- Directed by: Preston Black
- Screenplay by: Andrew Bennison
- Story by: Searle Kramer
- Produced by: Jules White
- Starring: Moe Howard Larry Fine Curly Howard Murdock MacQuarrie Bud Jamison Vernon Dent Ethelreda Leopold Harlene Wood Cy Schindell Ted Lorch
- Cinematography: George Meehan
- Edited by: Charles Nelson
- Distributed by: Columbia Pictures
- Release date: May 14, 1937 (U.S.);
- Running time: 19:27
- Country: United States
- Language: English

= Back to the Woods (1937 film) =

1937 American short film by Preston Black

Back to the Woods is a 1937 short subject directed by Preston Black starring American slapstick comedy team The Three Stooges (Moe Howard, Larry Fine and Curly Howard). It is the 23rd entry in the series released by Columbia Pictures starring the comedians, who released 190 shorts for the studio between 1934 and 1959.

==Plot==
Set in nascent American colonies, the Stooges, cast as convicted felons expelled from England to embark on a series of misadventures upon their arrival. Their initial encounter involves a lively dance with the governor's daughters, followed by the disheartening revelation that the colonists face starvation due to the local indigenous population's refusal to grant access to hunting grounds without a hefty fee.

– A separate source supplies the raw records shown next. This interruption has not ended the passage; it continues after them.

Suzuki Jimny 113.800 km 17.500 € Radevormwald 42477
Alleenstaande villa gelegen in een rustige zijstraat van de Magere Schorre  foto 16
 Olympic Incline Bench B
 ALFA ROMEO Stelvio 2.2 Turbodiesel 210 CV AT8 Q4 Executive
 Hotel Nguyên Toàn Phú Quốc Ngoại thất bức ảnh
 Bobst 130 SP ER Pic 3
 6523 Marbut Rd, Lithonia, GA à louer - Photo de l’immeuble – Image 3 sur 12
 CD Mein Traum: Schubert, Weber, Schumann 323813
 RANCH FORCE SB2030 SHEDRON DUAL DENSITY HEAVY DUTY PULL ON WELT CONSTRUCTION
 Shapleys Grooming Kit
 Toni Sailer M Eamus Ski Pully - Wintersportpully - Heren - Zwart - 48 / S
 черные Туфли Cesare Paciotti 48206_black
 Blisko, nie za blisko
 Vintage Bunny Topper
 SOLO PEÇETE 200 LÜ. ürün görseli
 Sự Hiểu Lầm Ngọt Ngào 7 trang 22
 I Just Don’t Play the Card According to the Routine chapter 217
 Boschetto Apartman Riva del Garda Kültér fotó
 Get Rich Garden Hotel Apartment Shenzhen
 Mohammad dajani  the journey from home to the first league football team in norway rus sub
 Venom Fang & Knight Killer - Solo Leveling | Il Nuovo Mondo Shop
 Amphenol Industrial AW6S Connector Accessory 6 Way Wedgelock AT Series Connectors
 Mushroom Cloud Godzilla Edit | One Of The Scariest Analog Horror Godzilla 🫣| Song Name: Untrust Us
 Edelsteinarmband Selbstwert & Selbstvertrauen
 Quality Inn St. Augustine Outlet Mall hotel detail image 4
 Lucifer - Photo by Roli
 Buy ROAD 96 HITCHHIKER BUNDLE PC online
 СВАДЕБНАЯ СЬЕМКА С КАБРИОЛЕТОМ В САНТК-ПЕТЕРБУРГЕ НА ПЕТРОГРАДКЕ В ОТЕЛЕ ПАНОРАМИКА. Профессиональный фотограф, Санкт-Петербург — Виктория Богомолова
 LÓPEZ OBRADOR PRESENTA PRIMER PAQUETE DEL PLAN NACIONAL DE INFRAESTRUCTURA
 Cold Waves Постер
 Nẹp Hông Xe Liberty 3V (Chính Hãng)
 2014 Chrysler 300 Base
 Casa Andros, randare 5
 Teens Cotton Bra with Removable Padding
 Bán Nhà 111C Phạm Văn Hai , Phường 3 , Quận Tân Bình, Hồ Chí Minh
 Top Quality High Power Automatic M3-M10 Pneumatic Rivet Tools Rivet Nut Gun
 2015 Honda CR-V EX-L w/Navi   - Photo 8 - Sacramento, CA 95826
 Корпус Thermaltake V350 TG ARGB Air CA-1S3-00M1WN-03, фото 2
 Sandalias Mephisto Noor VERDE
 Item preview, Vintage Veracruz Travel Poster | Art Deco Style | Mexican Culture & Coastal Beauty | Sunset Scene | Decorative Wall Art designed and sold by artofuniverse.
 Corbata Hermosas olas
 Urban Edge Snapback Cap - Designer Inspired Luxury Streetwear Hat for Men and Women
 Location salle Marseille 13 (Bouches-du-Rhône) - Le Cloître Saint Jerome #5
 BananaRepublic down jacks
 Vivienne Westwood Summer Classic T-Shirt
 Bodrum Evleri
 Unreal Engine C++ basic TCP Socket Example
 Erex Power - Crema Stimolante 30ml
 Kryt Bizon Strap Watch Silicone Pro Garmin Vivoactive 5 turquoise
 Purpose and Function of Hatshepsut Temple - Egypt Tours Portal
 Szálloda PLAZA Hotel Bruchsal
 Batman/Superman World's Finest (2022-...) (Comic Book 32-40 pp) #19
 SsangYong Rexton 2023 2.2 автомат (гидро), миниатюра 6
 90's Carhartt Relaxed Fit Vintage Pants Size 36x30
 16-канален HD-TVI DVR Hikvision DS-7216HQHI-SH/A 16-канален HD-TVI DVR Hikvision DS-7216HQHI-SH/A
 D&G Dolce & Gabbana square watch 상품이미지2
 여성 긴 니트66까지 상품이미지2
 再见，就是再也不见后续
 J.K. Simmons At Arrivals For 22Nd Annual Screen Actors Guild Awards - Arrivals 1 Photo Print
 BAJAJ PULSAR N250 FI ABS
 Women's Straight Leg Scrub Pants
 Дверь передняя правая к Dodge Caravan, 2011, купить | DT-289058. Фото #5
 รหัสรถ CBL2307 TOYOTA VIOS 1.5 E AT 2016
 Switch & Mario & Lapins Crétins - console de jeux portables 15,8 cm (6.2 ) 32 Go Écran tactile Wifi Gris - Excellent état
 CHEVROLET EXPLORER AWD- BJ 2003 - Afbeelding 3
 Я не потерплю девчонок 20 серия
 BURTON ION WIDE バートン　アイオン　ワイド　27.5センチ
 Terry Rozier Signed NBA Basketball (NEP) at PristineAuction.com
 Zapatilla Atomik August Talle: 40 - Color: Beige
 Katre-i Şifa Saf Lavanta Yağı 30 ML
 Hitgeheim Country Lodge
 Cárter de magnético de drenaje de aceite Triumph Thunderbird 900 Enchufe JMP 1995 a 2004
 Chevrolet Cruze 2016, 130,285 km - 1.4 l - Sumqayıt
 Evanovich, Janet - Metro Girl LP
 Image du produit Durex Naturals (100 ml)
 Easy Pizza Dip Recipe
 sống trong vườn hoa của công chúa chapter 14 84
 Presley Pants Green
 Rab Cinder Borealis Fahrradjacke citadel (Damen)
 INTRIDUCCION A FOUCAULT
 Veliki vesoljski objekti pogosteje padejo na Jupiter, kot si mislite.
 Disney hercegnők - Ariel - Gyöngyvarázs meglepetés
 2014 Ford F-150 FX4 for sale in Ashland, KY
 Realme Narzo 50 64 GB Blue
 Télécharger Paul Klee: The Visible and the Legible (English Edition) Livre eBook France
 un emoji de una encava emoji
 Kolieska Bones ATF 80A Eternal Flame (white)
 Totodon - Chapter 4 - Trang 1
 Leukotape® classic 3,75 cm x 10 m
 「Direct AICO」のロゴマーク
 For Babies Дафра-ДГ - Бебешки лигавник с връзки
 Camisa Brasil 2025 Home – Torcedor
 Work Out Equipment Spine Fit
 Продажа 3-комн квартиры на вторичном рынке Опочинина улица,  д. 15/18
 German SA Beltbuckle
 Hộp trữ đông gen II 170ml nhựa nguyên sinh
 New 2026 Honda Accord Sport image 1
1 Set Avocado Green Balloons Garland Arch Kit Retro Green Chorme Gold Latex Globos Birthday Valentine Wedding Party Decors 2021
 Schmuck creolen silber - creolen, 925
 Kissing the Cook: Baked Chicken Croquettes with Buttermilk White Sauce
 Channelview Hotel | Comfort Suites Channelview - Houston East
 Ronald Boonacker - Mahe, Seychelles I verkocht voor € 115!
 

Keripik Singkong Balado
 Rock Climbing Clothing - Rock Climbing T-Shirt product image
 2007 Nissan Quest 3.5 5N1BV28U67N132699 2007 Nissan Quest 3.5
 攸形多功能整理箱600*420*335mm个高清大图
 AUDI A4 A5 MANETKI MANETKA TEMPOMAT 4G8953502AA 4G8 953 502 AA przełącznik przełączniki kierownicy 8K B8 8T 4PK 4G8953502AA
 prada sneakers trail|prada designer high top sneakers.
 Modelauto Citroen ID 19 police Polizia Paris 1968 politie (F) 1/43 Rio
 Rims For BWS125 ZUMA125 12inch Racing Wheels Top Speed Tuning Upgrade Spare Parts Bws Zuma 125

Undeterred by the predicament, the Stooges resolve to aid the struggling colony by venturing into the wilderness for a hunting excursion. Donning makeshift coonskin caps, with Curly sporting an unconventional skunk hat, the trio ventures outside Plymouth, Massachusetts, armed with blunderbusses in pursuit of game. A fortuitous discharge by Curly's firearm secures them a turkey, buoying their spirits for the task ahead.

However, a fateful misjudgment leads them to mistake a gathering of indigenous individuals adorned in ceremonial headdresses for a flock of turkeys. Their ill-conceived volley of shots provokes the ire of the indigenous group, precipitating a frantic chase. Despite their adversaries' pursuit, the Stooges concoct a series of improvised defenses, employing a tree branch catapult to repel their assailants with an assortment of projectiles.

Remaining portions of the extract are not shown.